=== EXERCISE PROMPT ===
In your transcription, keep every record exact and leave out the pictures.

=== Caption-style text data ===
————

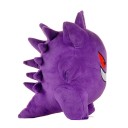 Peluche Gengar de 24 cm, personaje de Pokémon, juguete de peluche suave para niños y coleccionistas, regalo de decoración para fanáticos de los juegos y el anime japoneses. 2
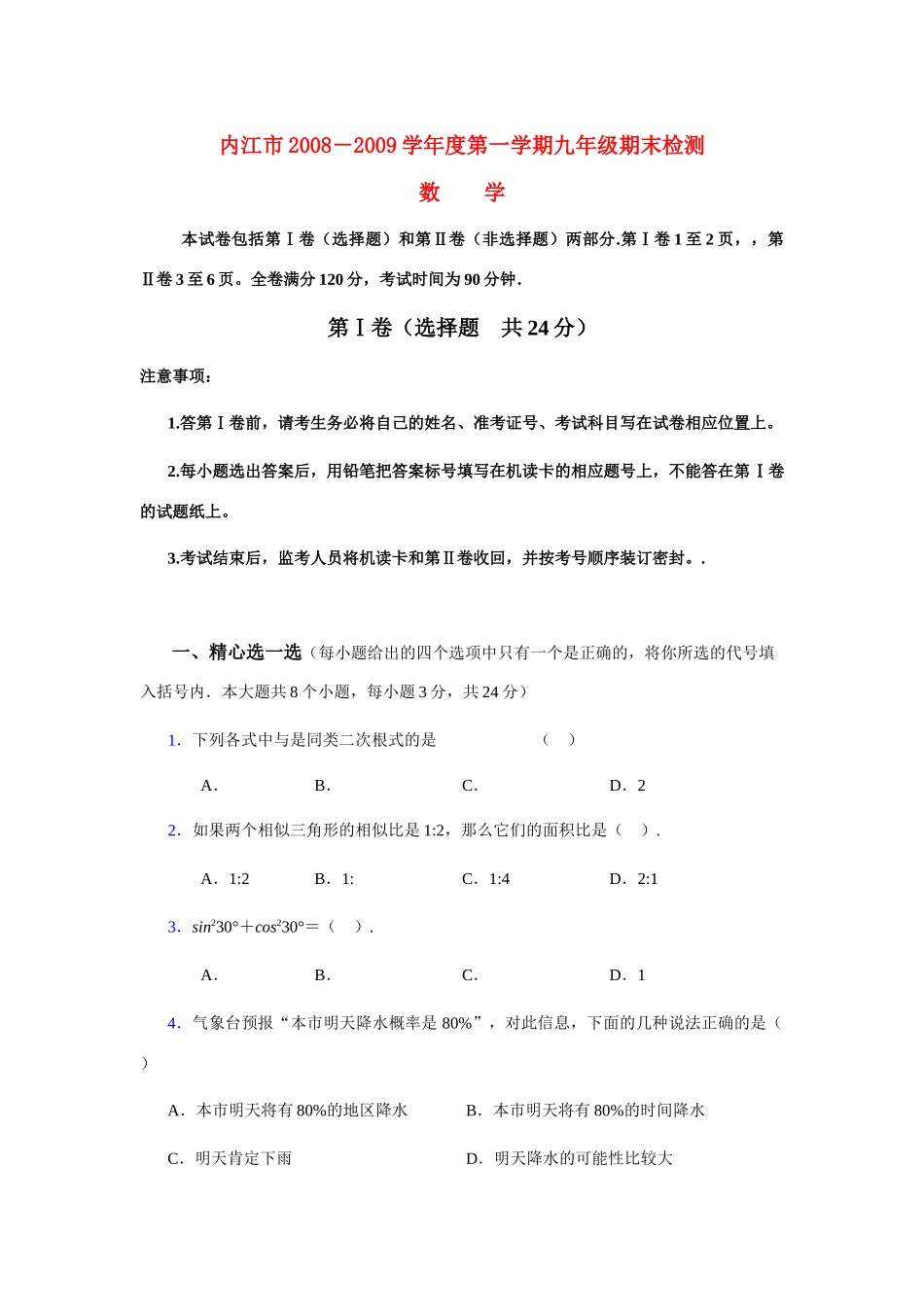 九年级数学期末检测数学试卷华东师大版试卷_第1页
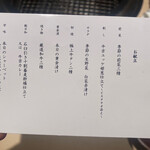 焼肉料理 牛吉日和 - 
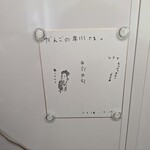 だんごの早川 - 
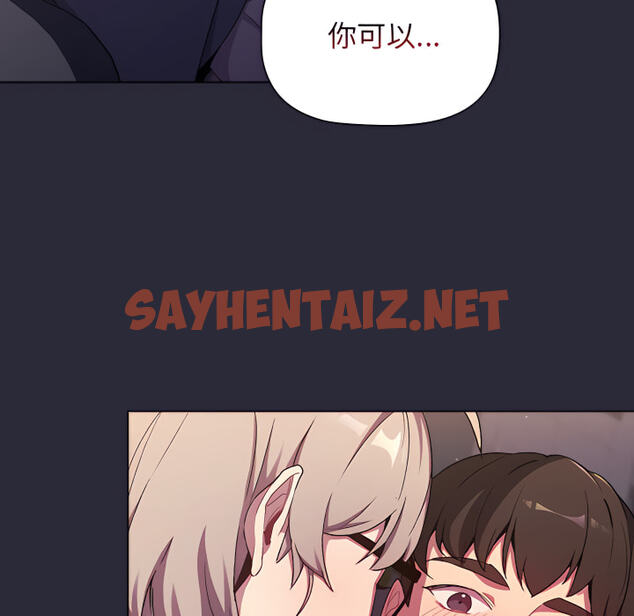 查看漫画分組換換愛 - 第7章 - sayhentaiz.net中的883130图片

————

=== RESPONSE ===
 Peluche Gengar de 24 cm, personaje de Pokémon, juguete de peluche suave para niños y coleccionistas, regalo de decoración para fanáticos de los juegos y el anime japoneses. 2
 九年级数学期末检测数学试卷华东师大版试卷_第1页
 焼肉料理 牛吉日和 - 
 だんごの早川 - 
 查看漫画分組換換愛 - 第7章 - sayhentaiz.net中的883130图片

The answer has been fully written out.